The Taliban (Pashto: طالبان‬‎, romanized: ṭālibān, lit. 'students'), which refers to itself as Islamic Emirate of Afghanistan,[4] are a Sunni Islamic organization that operates in Afghanistan, a country in Central/South Asia. The Taliban emerged in 1994 taking advantage of the power vacuum that was left following the aftermath of the Afghan Civil War.[5] The group was mainly composed of religious students in Pakistani madrassas (who had fought in the Soviet–Afghan War) under the leadership of Mohammed Omar.[6]

It is reported Al-Qaeda, an international terrorist network, were granted sanctuary on the condition that it does not antagonize the United States, but Osama bin Laden reneged on the agreement in 1998 when he orchestrated bombings of US embassies in East Africa. The episode was indicative of tensions that emerged between the two groups, analysts say. The Taliban was fundamentally parochial while Al-Qaeda had its sights set on global jihad.[6]

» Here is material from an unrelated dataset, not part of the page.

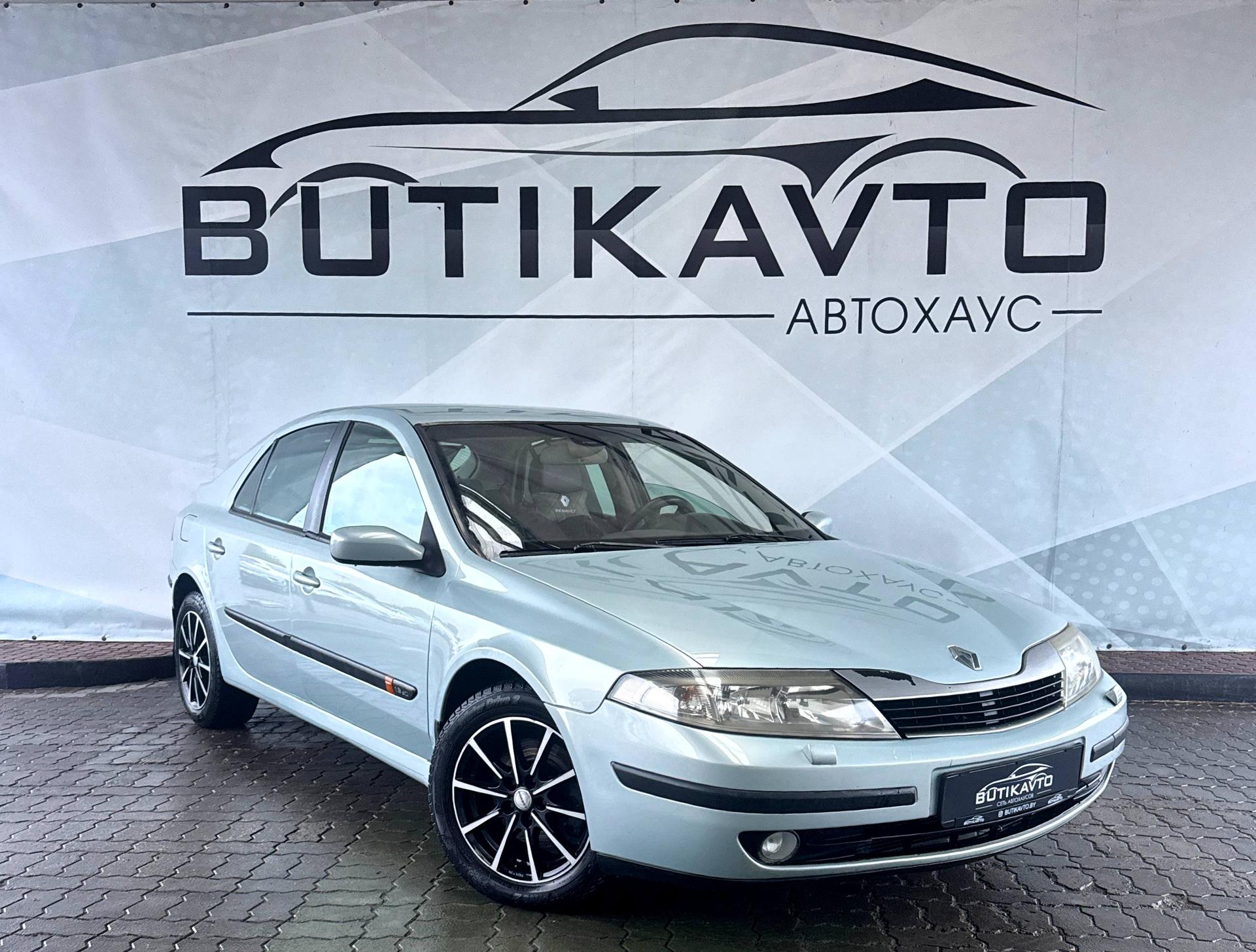 Renault Laguna II , 2001 г., механика, дизель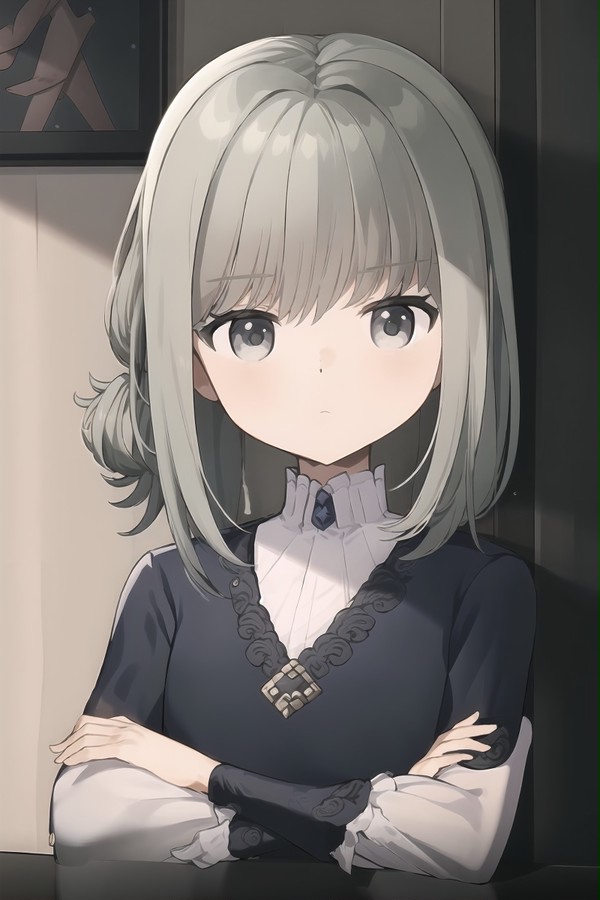 想要揉她脸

The US after the September 11 attacks made a request to the Taliban leadership under the Presidency of George W. Bush to hand over Osama bin Laden who was the prime suspect of the bombing.[7] The Taliban refused to hand over Osama bin Laden to the US government demanding enough evidence of his participation in the attacks.[8] The US with its NATO allies, launched the invasion code-named Operation Enduring Freedom on October 7, 2001. The U.S. and its allies rapidly drove the Taliban from power by 17 December 2001, and built military bases near major cities across the country. International Security Assistance Force (ISAF) was later created by the United Nations Security Council to train Afghan National Security Forces to oversee military operations in the country so as to prevent any resurgence of the Taliban group. The Taliban has launched numerous attacks on the Afghan forces, government facilities and any organization that they believe are in alliance with the US.[9]

The US has been on the ground and directly involved in the 17-year old war that analysts have described as stalemate.[10] Although al-Qaeda in Afghanistan and Pakistan are now considered to be "diminished", the war with the Taliban insurgents rages on.[11] Ending the 17-year conflict has eluded former US presidents and Donald Trump has said that he considers the war too costly.[10] Similarities with the process to end the Vietnam War - America's longest war prior to 2010 - have been noted, which resulted in the Paris Peace Accords in 1973.[12][13]


Negotiations had long been advocated by the former Afghan President, Hamid Karzai, as well as the British and Pakistani governments, but was resisted by the American government. Karzai offered peace talks with the Taliban in September 2007, but this was swiftly rejected by the insurgent group citing the presence of foreign troops.[14] By 2009 there was broad agreement in Afghanistan that the war should end, but how it should happen was a major issue for the candidates of the 2009 Afghan presidential election[15] that re-elected Karzai. In a televised speech after being elected, Karzai called on "our Taliban brothers to come home and embrace their land"[16] and laid plans to launch a loya jirga. Efforts were undermined by the Obama administration's increase of American troops in the country.[17] Karzai reinstated at a London conference in January 2010 that he wants to reach out to the Taliban to lay down arms.[18] U.S. Secretary of State Hillary Clinton cautiously supported the proposal.[19] At the United States Institute of Peace in May 2010, Karzai said that a "peace process" will be with the Taliban and other militants "who are not part of al-Qaeda or other terrorist networks or ideologically against us". He also called the Taliban "They're countryside boys who don't hate the United States, perhaps a lot of them would like to visit the United States given the opportunity".[20]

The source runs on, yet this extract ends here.